Forum search & shortcuts

Dave Bingo - what s...
 

[Closed] Dave Bingo - what sub-species do you know?

Posts: 8165
Free Member
Topic starter
 
[#5842425]

As we all know, there are at least 55,000,000,000 subspecies of Daves.

What types can you claim to know?

I'll start:

Bearded Dave [[s]probably[/s] not the one on the forum]
Portly Dave [actually preferred to be called Fat Dave!]
Dodgy Dave [also called Fat Dave, at you own risk. Still owes me £20]
Dave the Boss [my Dad - actually I'm going to ask him what type of Dave he is today]
Jewish Dave [I don't even know why he's called that!?]

So - Name those Daves!


 
Posted : 10/01/2014 10:46 am
Posts: 5418
Full Member
 

Disco Dave / Dave the Rave - slightly creepy, goes to the gym a lot, was briefly a nightclub photographer / promoter.
Stinky Dave - fairly self explanatory.
Bangkok Dave - used to live in Bangkok, believe it or not.
Fat 'Ead Dave - has a big head.


 
Posted : 10/01/2014 10:53 am
Posts: 5559
Free Member
 

Drunk Dave
Tall Dave
Short Dave

They all post on here lets see if they recognise themselves 😉


 
Posted : 10/01/2014 10:54 am
Posts: 251
Full Member
 

"Call Me Dave" - our PM when he wants to be seen as down with the prole's.


 
Posted : 10/01/2014 10:54 am
Posts: 2
Free Member
 

Well, me, but I guess I've already been mentioned! 🙂

I also know a 'Fruitbowl Dave'!


 
Posted : 10/01/2014 10:59 am
Posts: 4472
Full Member
 

I'm a Dave. often big Dave, I assume for my height, rather than girth.... Hmmm. Thinking about being a David now I'm nearing 40.

I also employ 3 other Daves, keeps things simple onsite for the customers. haha.

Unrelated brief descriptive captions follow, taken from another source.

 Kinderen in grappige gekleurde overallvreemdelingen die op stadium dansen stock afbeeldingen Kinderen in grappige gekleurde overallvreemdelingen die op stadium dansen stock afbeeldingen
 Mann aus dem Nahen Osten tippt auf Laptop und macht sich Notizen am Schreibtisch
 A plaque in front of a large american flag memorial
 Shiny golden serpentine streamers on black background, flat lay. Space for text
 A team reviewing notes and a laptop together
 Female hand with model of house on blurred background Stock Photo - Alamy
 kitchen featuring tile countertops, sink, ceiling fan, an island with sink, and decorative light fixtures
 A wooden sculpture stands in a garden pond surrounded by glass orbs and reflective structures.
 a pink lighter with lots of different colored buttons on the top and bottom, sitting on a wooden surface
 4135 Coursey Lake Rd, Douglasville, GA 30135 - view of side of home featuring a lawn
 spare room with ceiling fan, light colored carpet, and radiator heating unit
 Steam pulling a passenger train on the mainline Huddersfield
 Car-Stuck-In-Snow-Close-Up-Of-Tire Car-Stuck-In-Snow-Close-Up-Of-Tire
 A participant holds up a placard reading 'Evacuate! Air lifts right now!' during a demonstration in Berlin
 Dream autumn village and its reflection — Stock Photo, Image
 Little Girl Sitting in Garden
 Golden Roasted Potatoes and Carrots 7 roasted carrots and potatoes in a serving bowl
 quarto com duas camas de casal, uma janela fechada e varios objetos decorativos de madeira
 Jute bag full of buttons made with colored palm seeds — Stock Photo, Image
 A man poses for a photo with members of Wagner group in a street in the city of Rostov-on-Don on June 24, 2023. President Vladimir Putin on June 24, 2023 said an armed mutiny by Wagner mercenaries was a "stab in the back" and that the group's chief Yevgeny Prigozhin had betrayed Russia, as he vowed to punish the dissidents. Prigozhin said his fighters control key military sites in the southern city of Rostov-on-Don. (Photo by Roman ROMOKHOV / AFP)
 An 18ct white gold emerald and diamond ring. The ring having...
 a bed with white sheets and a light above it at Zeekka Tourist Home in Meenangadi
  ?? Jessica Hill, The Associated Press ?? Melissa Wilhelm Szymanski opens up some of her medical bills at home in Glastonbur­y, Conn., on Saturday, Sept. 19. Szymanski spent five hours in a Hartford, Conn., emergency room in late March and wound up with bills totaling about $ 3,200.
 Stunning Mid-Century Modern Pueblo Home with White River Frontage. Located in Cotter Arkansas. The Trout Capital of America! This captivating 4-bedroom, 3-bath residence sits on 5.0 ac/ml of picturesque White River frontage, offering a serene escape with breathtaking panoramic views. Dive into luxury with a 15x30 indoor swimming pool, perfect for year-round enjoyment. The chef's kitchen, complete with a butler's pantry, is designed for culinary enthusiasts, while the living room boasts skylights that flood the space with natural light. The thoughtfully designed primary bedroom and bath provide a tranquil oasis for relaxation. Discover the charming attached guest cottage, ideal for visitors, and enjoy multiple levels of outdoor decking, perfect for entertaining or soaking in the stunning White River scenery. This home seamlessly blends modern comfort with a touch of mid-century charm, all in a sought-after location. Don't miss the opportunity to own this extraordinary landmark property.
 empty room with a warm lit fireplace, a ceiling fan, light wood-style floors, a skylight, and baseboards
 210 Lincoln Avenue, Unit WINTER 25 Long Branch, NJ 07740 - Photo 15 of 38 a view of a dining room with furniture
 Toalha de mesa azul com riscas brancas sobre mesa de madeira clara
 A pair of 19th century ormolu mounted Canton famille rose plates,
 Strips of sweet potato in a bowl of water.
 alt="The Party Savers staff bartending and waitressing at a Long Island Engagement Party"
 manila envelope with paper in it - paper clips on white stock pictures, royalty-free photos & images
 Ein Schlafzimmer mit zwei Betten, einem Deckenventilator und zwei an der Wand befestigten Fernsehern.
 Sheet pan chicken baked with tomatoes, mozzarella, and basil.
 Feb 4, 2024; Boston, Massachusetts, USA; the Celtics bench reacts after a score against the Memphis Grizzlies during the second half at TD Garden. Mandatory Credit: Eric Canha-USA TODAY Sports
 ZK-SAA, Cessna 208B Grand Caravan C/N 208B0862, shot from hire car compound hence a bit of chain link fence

Dave the spark - He's an electrictian!
Plasterer Dave - Any guesses to his profession?
Toothless Dave aka Dangerous Dave - once got mugged on his way home and had his 2 front teeth knocked out.....


 
Posted : 10/01/2014 11:01 am
 DezB
Posts: 54367
Free Member
 

Shouty Dave (just over there across the office)
Chilled Dave (desk next to mine)
Sits in the chair all day doing nothing Dave (my ol' man)


 
Posted : 10/01/2014 11:02 am
Posts: 0
Free Member
 

Ginger Dave


 
Posted : 10/01/2014 11:05 am
Posts: 0
Free Member
 

My 2 good friends at Uni were:
Scary Dave (occasionally known as Big Dave if introducing him to parents)
Other Dave (liked to be called Delvin the Wizard, for unknown reasons)


 
Posted : 10/01/2014 11:06 am
Posts: 41930
Free Member
 

Designated Dave

He was actualy called Ross, but our other housemate was called Dave and when he went away Daves missus snuggled upto him on the sofa, hence for the evening he became Designated Dave.


 
Posted : 10/01/2014 11:08 am
Posts: 0
Free Member
 

Little Dave - mate o mine who used to be a jockey.


 
Posted : 10/01/2014 11:09 am
Posts: 5418
Full Member
 

Oh - Cambodian Dave, due to his diminutive physique. In fairness though, that's only in comparison to the rest of the group!


 
Posted : 10/01/2014 11:11 am
Posts: 0
Free Member
 

Dave from 'Alifax. Fettling-obsessed, balding lone Northerner who shows up on mountain bike holiday, shoehorned in alongside two big groups from somewhere else.


 
Posted : 10/01/2014 11:20 am
Posts: 3333
Full Member
 

Wavy Davey


 
Posted : 10/01/2014 11:23 am
Posts: 293
Free Member
 

Dai the milk used to be our vender of cow juice.


 
Posted : 10/01/2014 11:25 am
Posts: 8165
Free Member
Topic starter
 

Designated Dave - Proper LOL 🙂


 
Posted : 10/01/2014 11:26 am
Posts: 1014
Free Member
 

party dave
naked dave
completely average dave
dave the plumber


 
Posted : 10/01/2014 11:29 am
Posts: 1048
Free Member
 

Scottish Dave - he's not Scottish
Dopey Dave - but not to his face.


 
Posted : 10/01/2014 11:31 am
Posts: 40432
Free Member
 

dirty dave
dangerous dave
camp david


 
Posted : 10/01/2014 11:32 am
Posts: 23629
Full Member
 

Its all Sarahs in our life

Big Sarah
Wee Sarah
Wee Sarah N
Wee Irish Sarah
Sarah the Exorcist (after she's visited there are no spirits left in the cupboard)
Stalker Sarah
Bankrupt Sarah

Only got one Dave on my phone 'Dave Pointless'


 
Posted : 10/01/2014 11:32 am
 bol
Posts: 0
Free Member
 

I was at uni with Chuffin' Dave. He was from Sheffield and that was his expletive of choice. He lived with Dave, hence the need to distinguish. Dave later became known as Lying Dave when it became clear his life was a pathetic web of deceit.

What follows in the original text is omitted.